In the past year, the Internet security market has seen several high-profile mergers and acquisitions. One company — Blue Coat — has been both the acquirer and the acquired. At the end of 2015, Blue Coat bought Elastica for $280 million, only to find itself scooped up by Symantec nine months later. Another major deal was Raytheon’s acquisition of Websense, which was combined with Raytheon’s Cyber Products group and Stonesoft to form Forcepoint in early 2016.
On the software side, Avast recently announced its takeover of AVG Technologies in a billion-dollar deal, IBM purchased Resilient Systems in April 2016, and two months later Cisco acquired CloudLock, a security vendor specialising in cloud-based services.
All this activity, in a span of a year, raises the question: what’s driving this market consolidation?
Workplace trends are changing the security agenda
One of the primary drivers of change in the market is digital transformation. It would be difficult to overstate the effect transformation is having on every organization’s IT strategy. More and more companies are moving critical business processes and applications to the cloud. Industry heavyweights like Microsoft, Oracle, and SAP are investing massively in their own cloud offerings, and there is a growing market for cloud-only apps, led by trailblazers like Salesforce.
Meanwhile, the volume of Internet-enabled devices continues to grow. Workplace mobility is enabling employees to access corporate resources on networks or cloud-based applications from anywhere in the world and on any device. As a result, employees and data have left the network perimeter that has traditionally safeguarded organisations — and vendors of those traditional safeguards are struggling to cope in this new world of IT.
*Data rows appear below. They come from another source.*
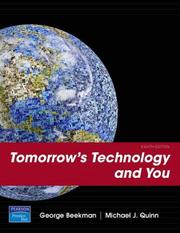 Cover of: Tomorrow's Technology and You, Complete (8th Edition)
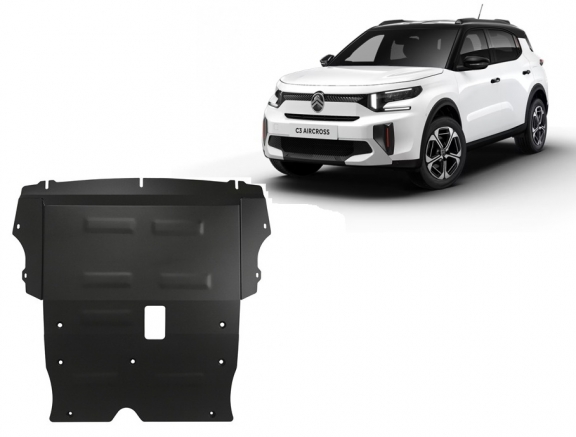 Acél motor, kapcsolószekrény védőlemez Citroen C3 Aircross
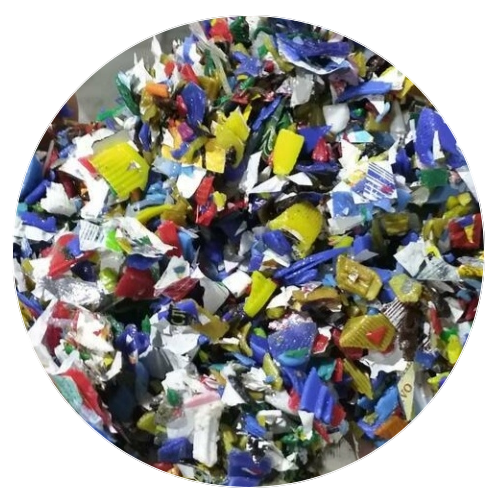 Отходы крышки ПНД после ванны флотации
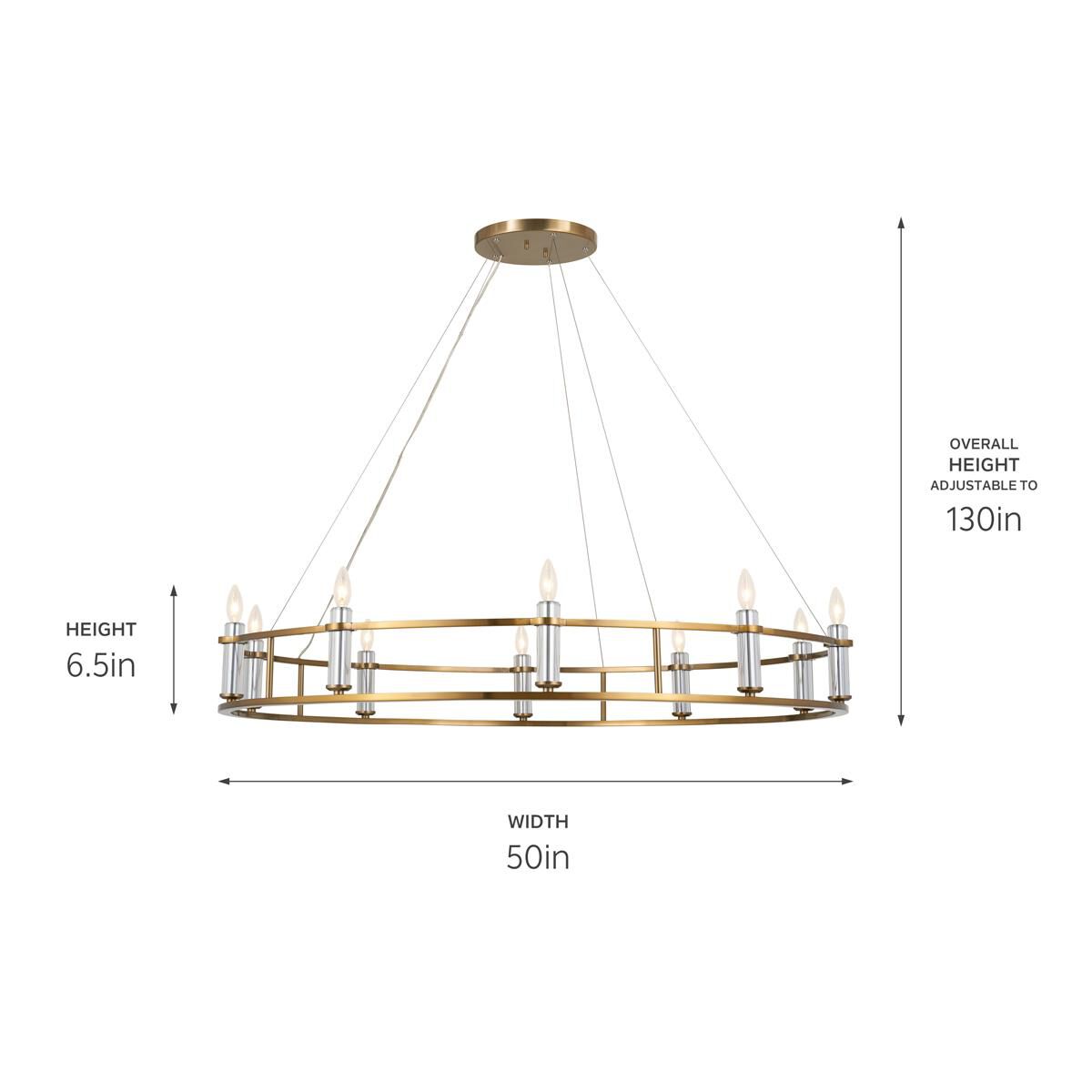 Rosalind 10 Light Mini Chandelier by Kichler Lighting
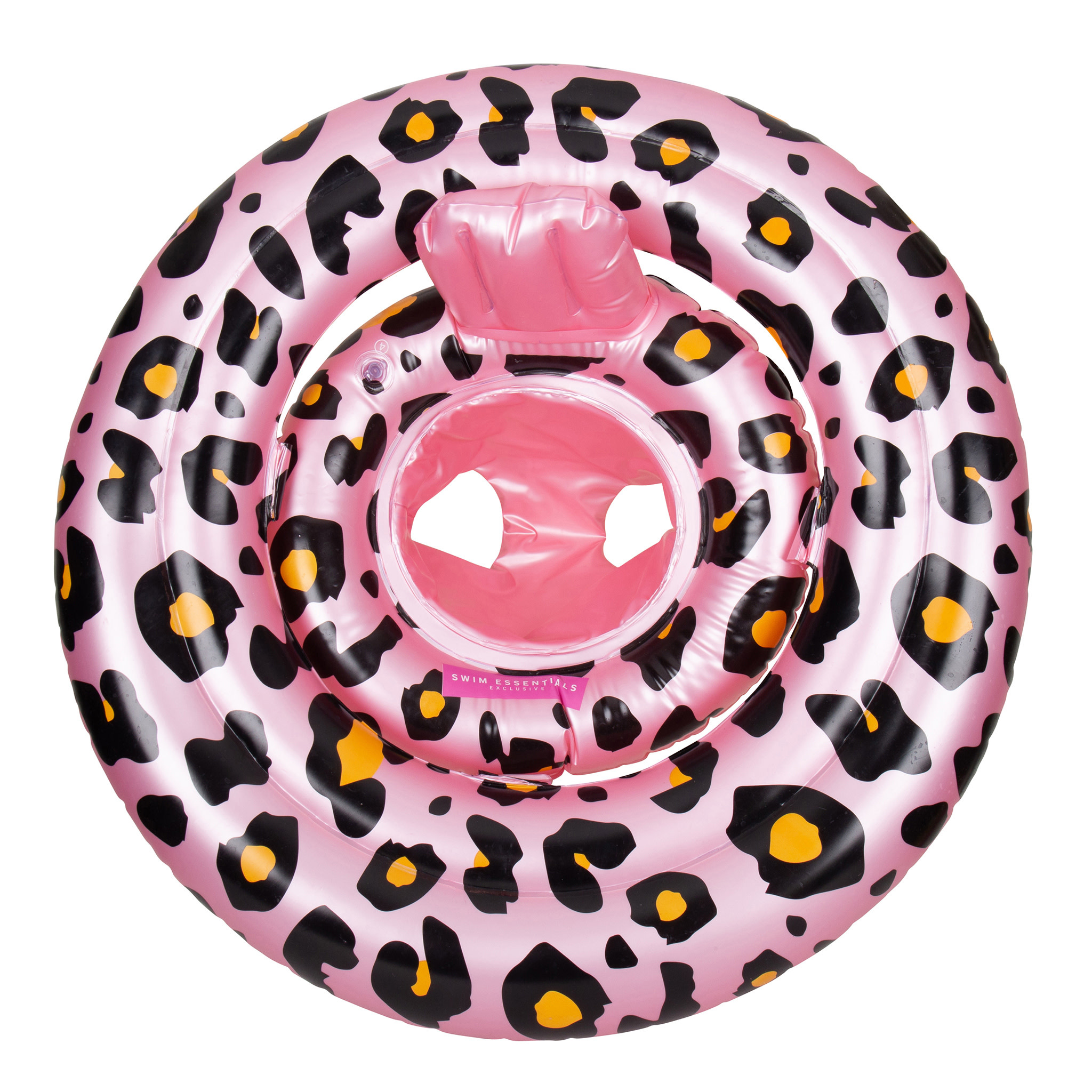 swim essentials Baby float 0-1 jaar - Rose Goud Panterprint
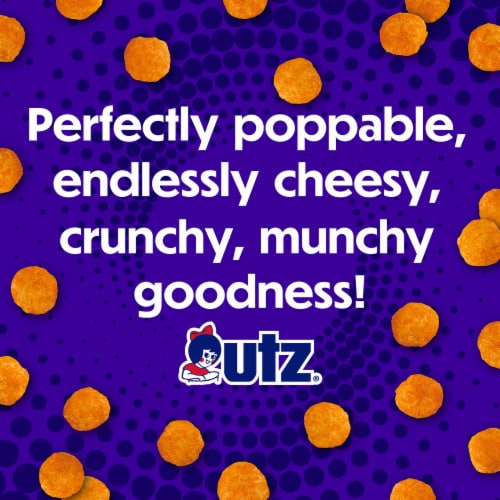 Utz® Baked Cheddar Cheese Balls Chips Perspective: top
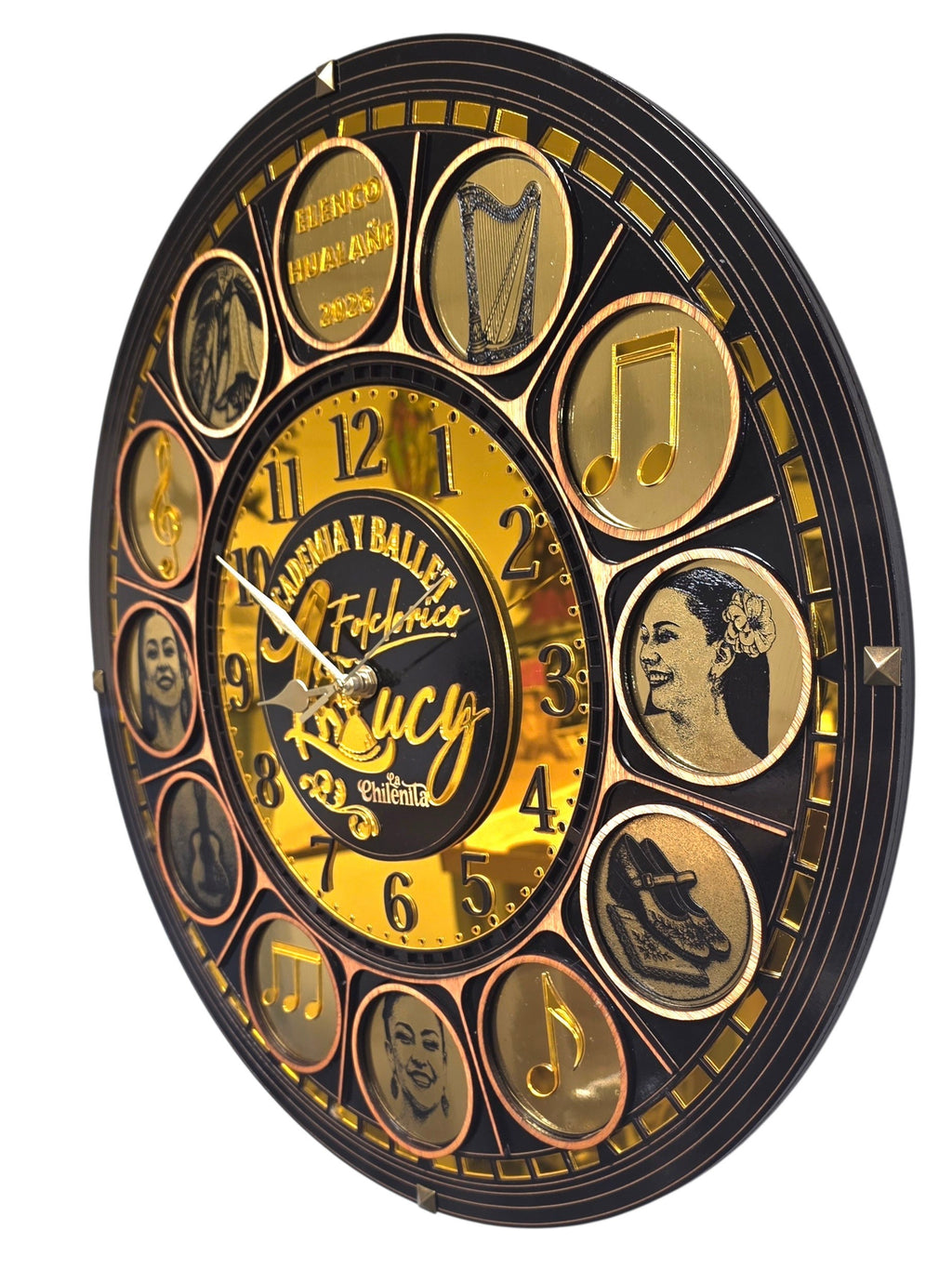 RELOJ ACADEMIA DE CUECA PERSONALIZADO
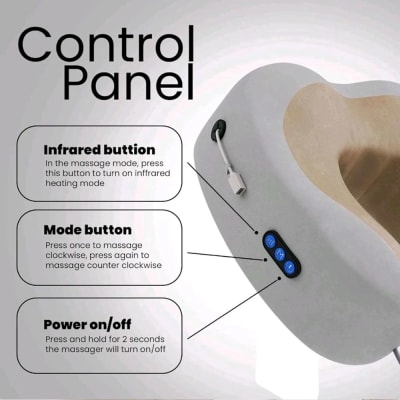 Blueidea Neck Massager Pillow BLD118 front view Bangladesh — MediportBD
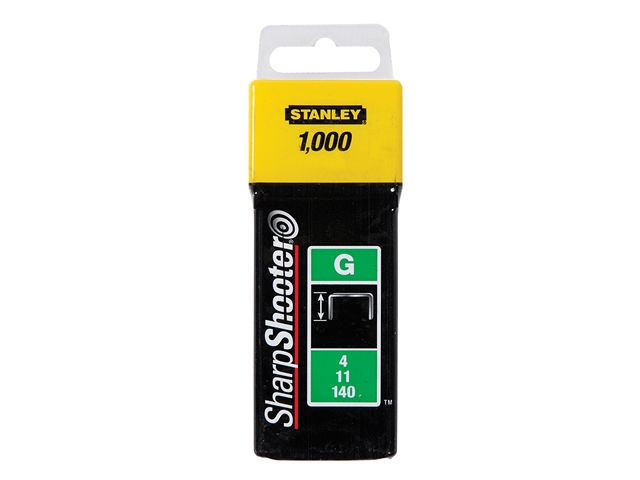 Agrafes Stanley; 8 mm; 1000 pcs .; TYPE G; acier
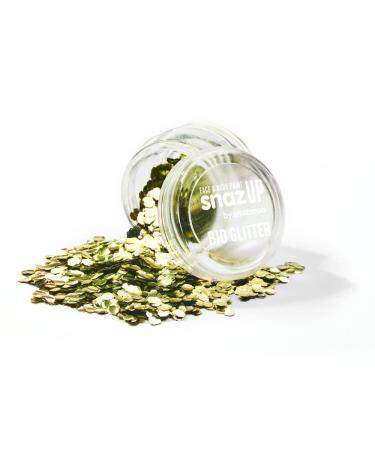 Snazaroo Bio Glitter Face and Body Paint Biodegradable Chunky Gliter Gold Colour 3g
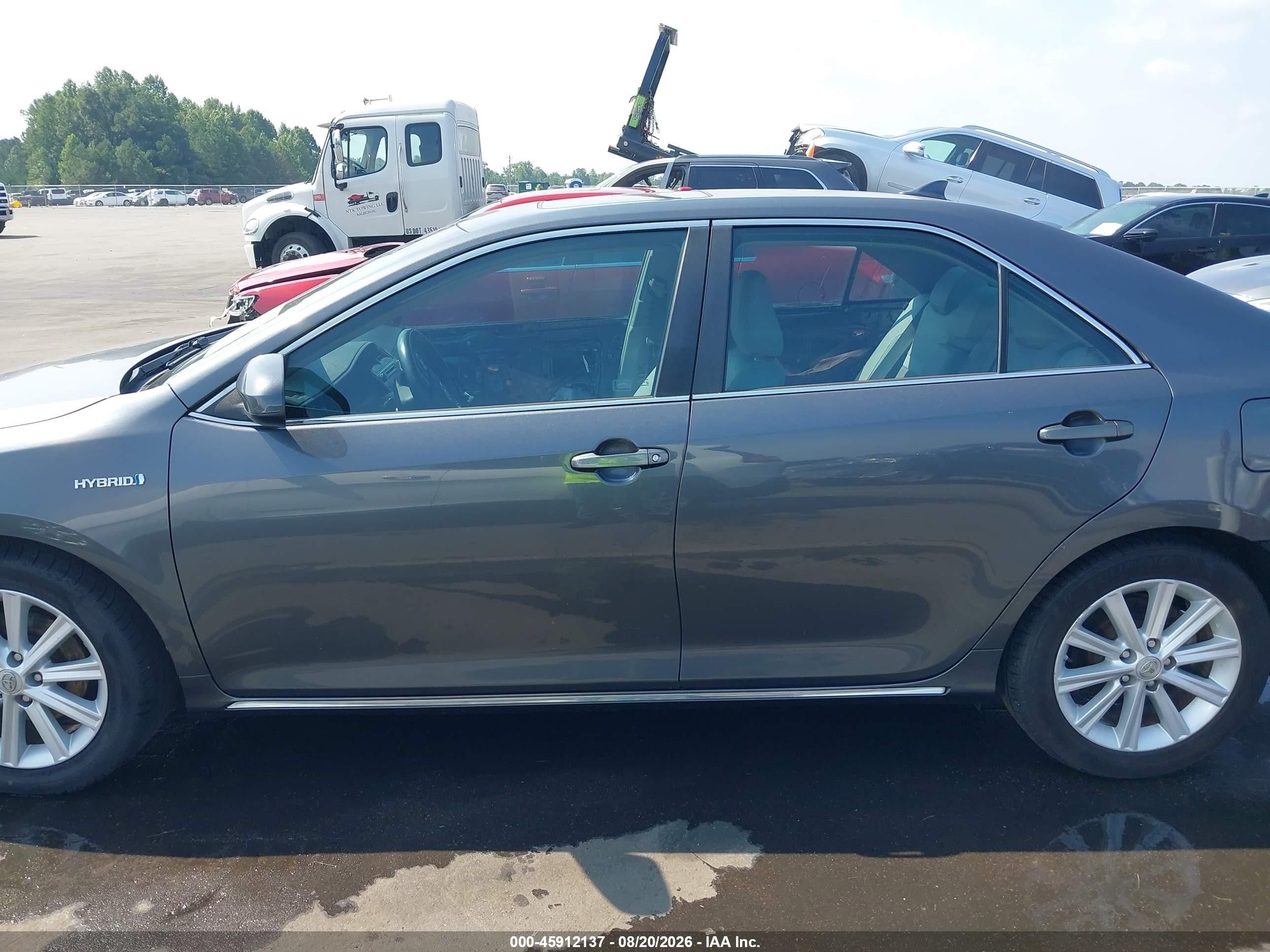 2012 Toyota Camry Hybrid Xle Silver vin: 4T1BD1FK1CU006474
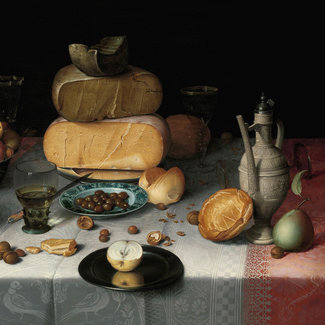 Wandkraft Still Life with Cheeses by Floris van Dyck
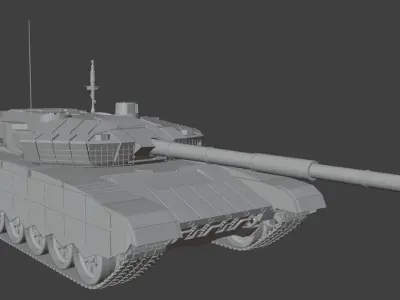 lowpoly model of the T-90 RORYV tank 3D model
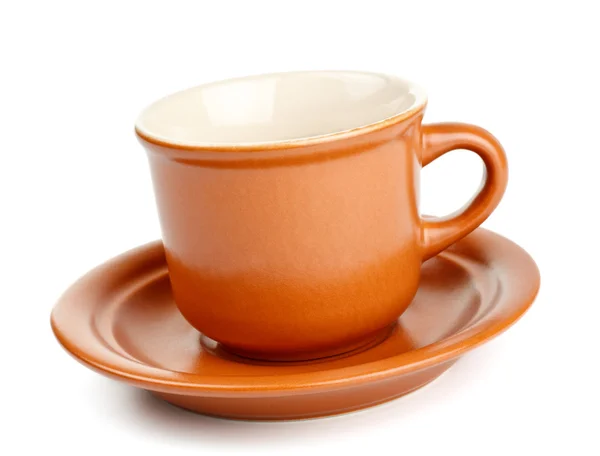 Ceai de cafea cu farfurie — Fotografie, imagine de stoc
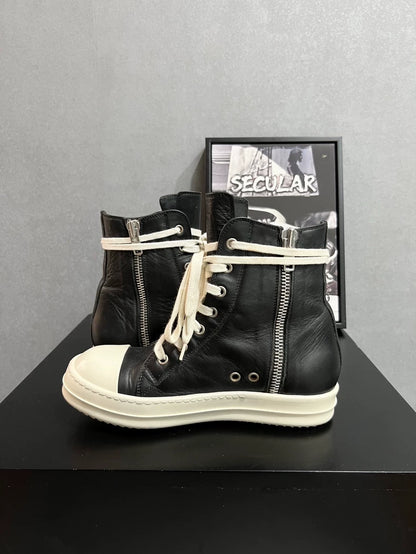 Rick Owens Classic Leather High-Top Sneakers-yf
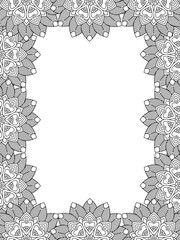 Flower Borders Coloring Book Pages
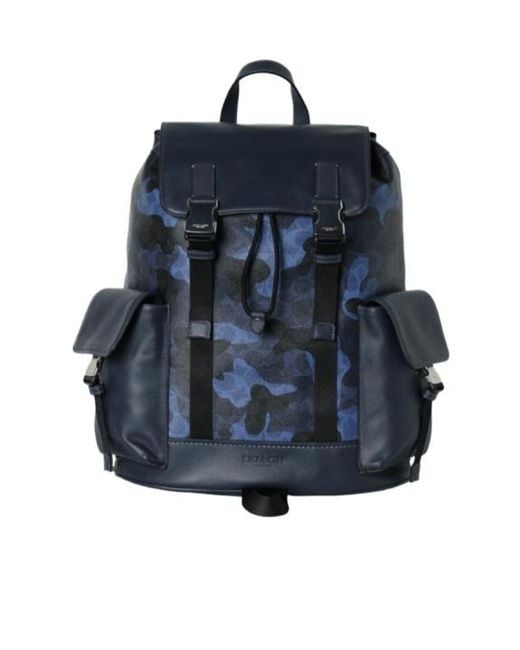 COACH Blue Clark Backpack for men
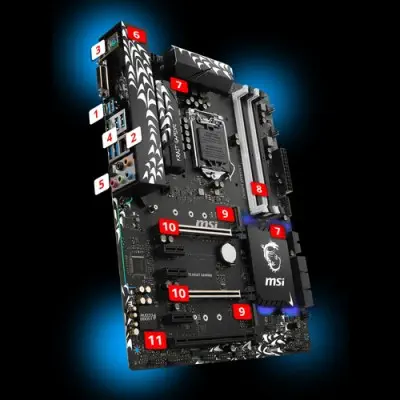 Msi Z370 Krait Gaming ATX Gaming (Oyuncu) Anakart 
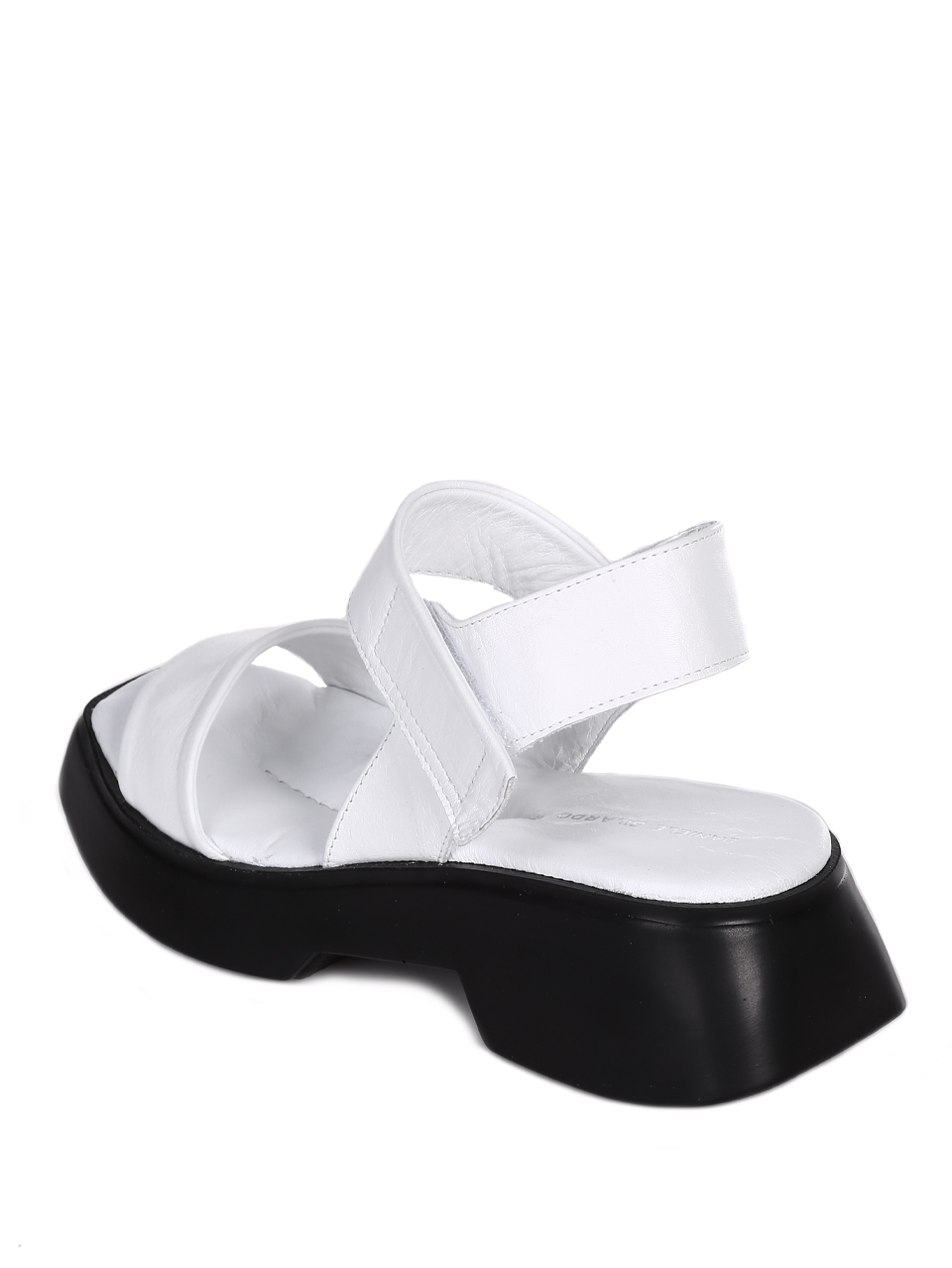 Ежедневни дамски сандали на платформа от естествена кожа 4AT-23285 white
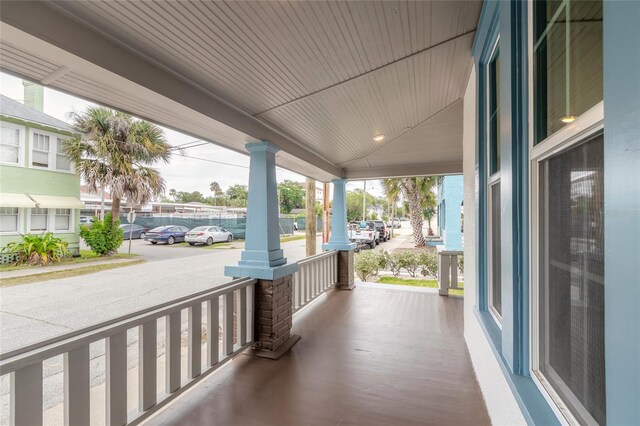 view of patio featuring covered porch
The threat landscape is evolving, too
Cybercriminals, knowing that users have left the security perimeter and taken their devices and data with them, are looking to exploit gaps in security and catch poorly protected off-network employees. At the same time, cyberattacks are becoming more sophisticated and more targeted. They’re also hiding behind stealth technologies and SSL encryption, or even morphing to evade discovery. These techniques have rendered conventional signature-based detection ineffective, and the security market has developed new techniques for dealing with more advanced, and more persistent, threats. The need for new technologies explains why incumbent market players are trying to expand their security portfolio through acquisition.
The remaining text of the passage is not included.